‘Unsporting’ bird caller works too well, banned from hunting | Queensland country life

UNFAIR TACTICS: Electronic bird callers have been banned from use during the Victorian stubble quail season which begins on the weekend. Picture: GMA.

An “unsporting” bird caller has been banned days out from the start of a hunting season.

The Victorian government made a last minute decision this week to outlaw use of electronic bird callers for the popular stubble quail season which opens on Saturday.

“Given how effective quail callers are, their use could pose the risk of overharvesting if it became widespread,” the government’s Game Management Authority says.

Outraged hunters immediately responded on social media calling the ban on over-reaction, pointing to the already legislated bag limit of 20 birds per day.

The South Australian quail season begins on April 30 with the same 20 bird bag limit per day but no bans on callers.

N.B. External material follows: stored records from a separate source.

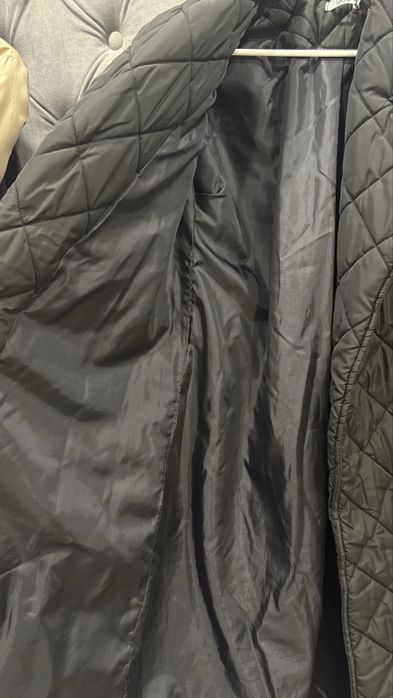 Пальто стьогане чорне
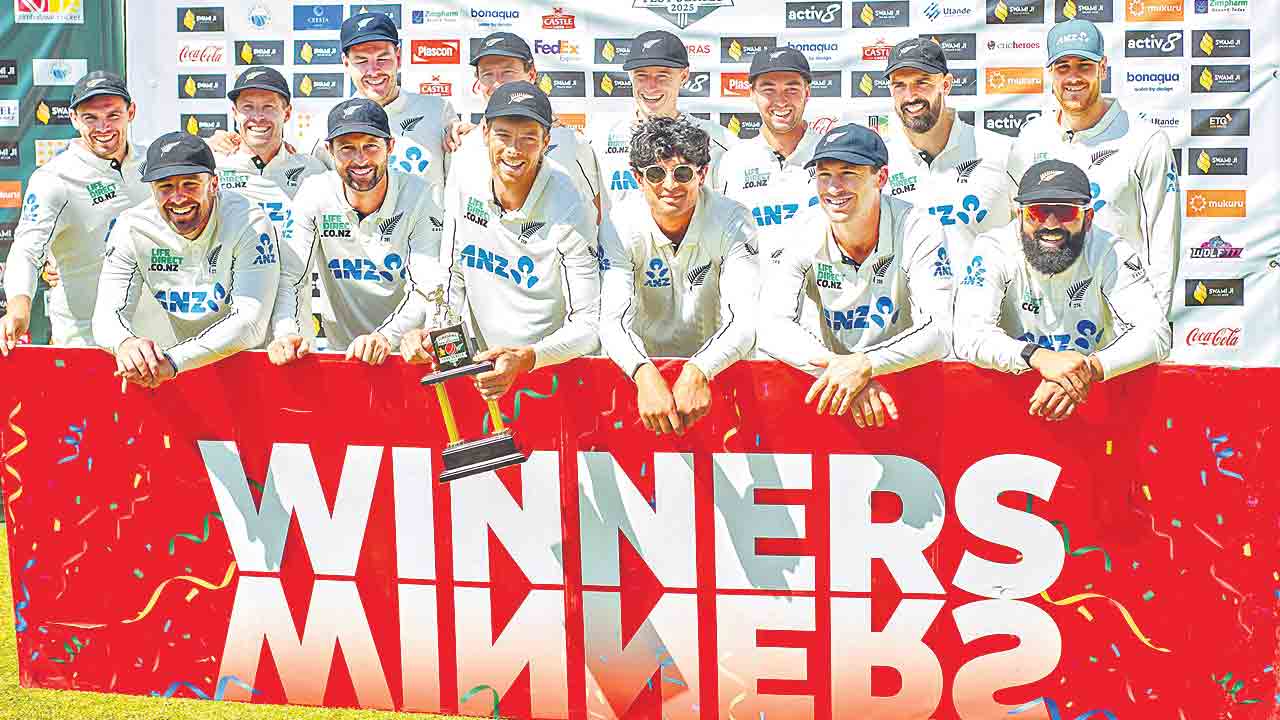 కివీస్‌ రికార్డు విజయం… ఇన్నింగ్స్‌ 359 పరుగుల తేడాతో జింబాబ్వే ఓటమి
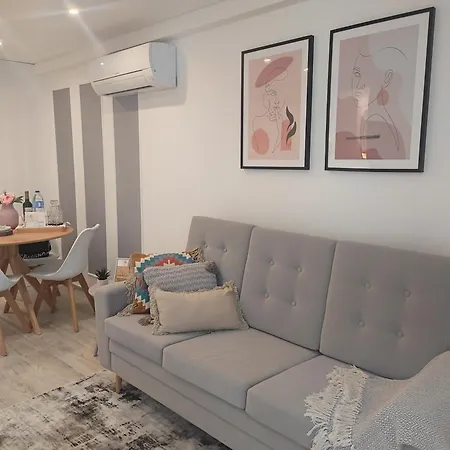 דירה Lovely House *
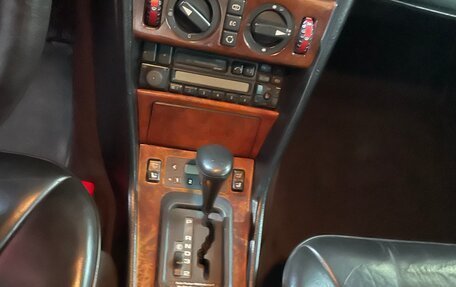 Mercedes-Benz E-Класс, 1994 год, 950 000 рублей, 11 фотография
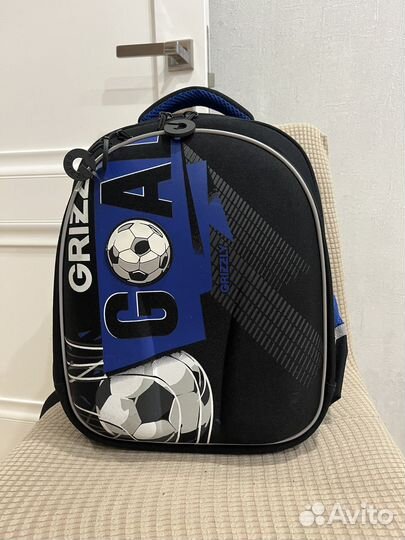Школьный рюкзак grizzly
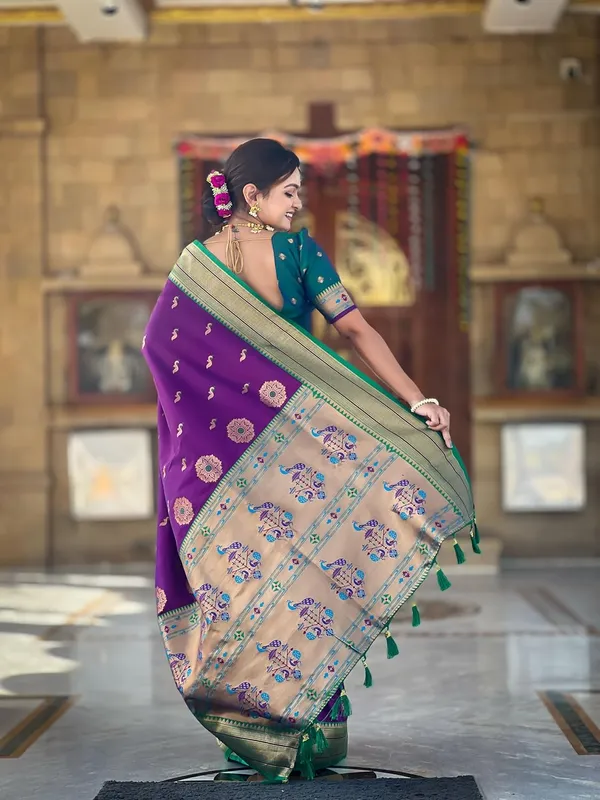 Women_Lichi_Silk_Kanjivaram_Saree_With_Blouse_Piece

The Victorian government this week set a $4543 maximum fine for using these bird callers, which retail for $200-$400.

Anyone found using one will have to front court, and could forfeit their game and firearms licenses.

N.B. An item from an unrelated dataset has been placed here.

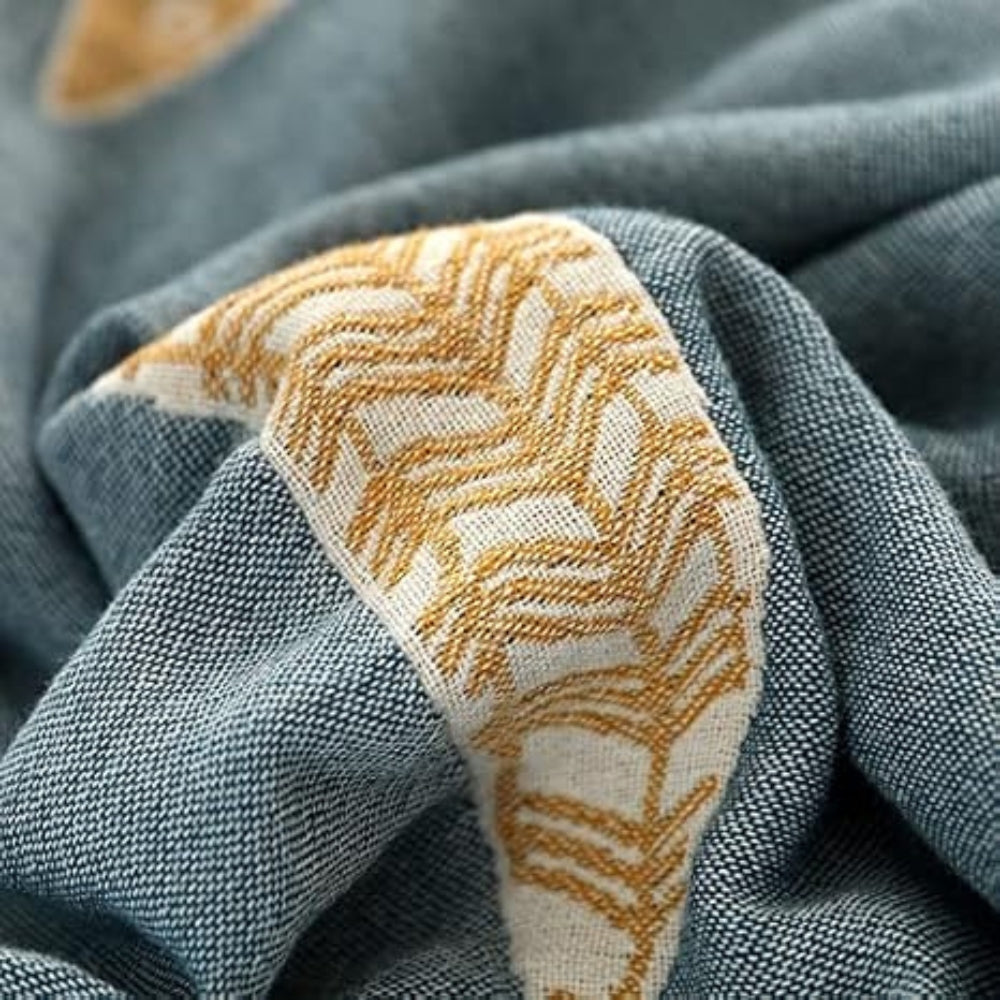 Breathable 100% Cotton Gauze Blanket (Jacquard Fish Pattern)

Wildlife officers will be patrolling both public lands and private properties across Victoria throughout the season which runs to June 30 to ensure the new law is followed.

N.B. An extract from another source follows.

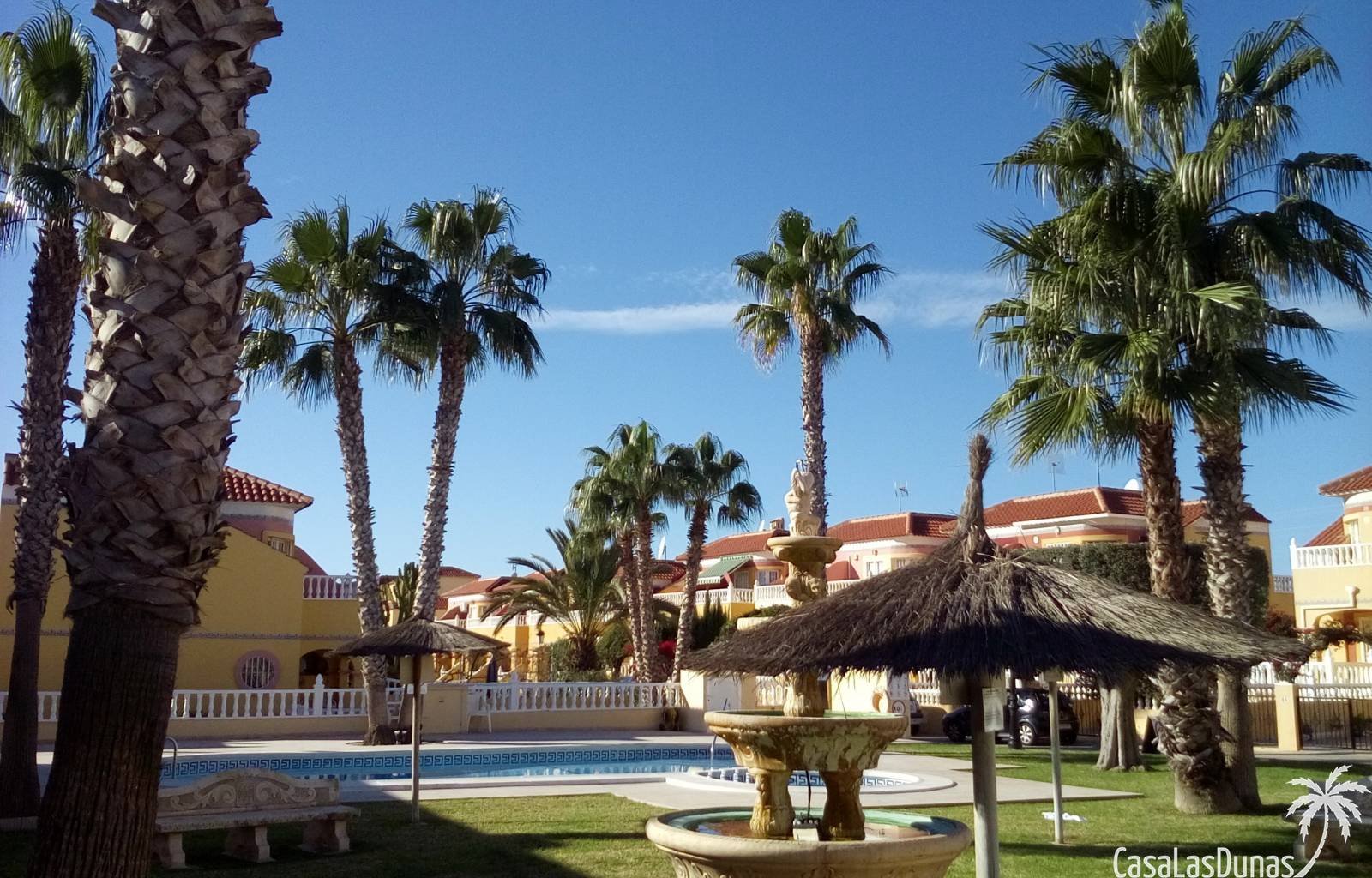  *Auf diesen Artikel erhalten Sie 10 % Rabatt, wenn er innerhalb von 2 Wochen eintrifft, solange er noch verfügbar ist.
 Ein Ferienhaus im Zentrum von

The public has also been urged to dob in hunters using the callers through to the GMA via its website www.gma.vic.gov.au or by calling 136 186.

The GMA said it was responding to “concerns from the hunting community that the use of quail callers was not consistent with the concept of fair chase”.

The authority also said hunters questioned “the ethics” of using quail callers even though callers have been used by generations of hunters to attract game and vermin such as ducks and foxes.

The GMA asked the Deakin University to investigate the efficacy of the devices which they found “significantly increased the number of quail in the vicinity of the activated caller”.

Just one of many battery-powered bird callers on the market.

Just one of many battery-powered bird callers on the market.

The authority’s chief executive Graeme Ford said the research showed the effectiveness of the quail callers and the need to immediately suspend them for the 2022 season.

“As the popularity of these devices is increasing, we need to put their use on hold until the costs and benefits of their use can be fully explored…,” he said.

He said quail callers are already prohibited in many parts of the world.

“Quail callers could contribute to less skilled/equipped hunters being more successful than they would without a quail caller, already skilled and equipped hunters may achieve a higher harvest and some hunters may be encouraged to exceed the current legal daily bag limit. Any of these Outcomes could contribute to excessive harvesting,” the GMA stated.

Stubble quail is the only native quail species which can be legally hunted in Victoria.

About 175,000 stubble quail are shot each year predominantly on private stubble paddocks with permission needed from the land owner.

The controversial duck hunting season is already under way in Victoria ending on June 13.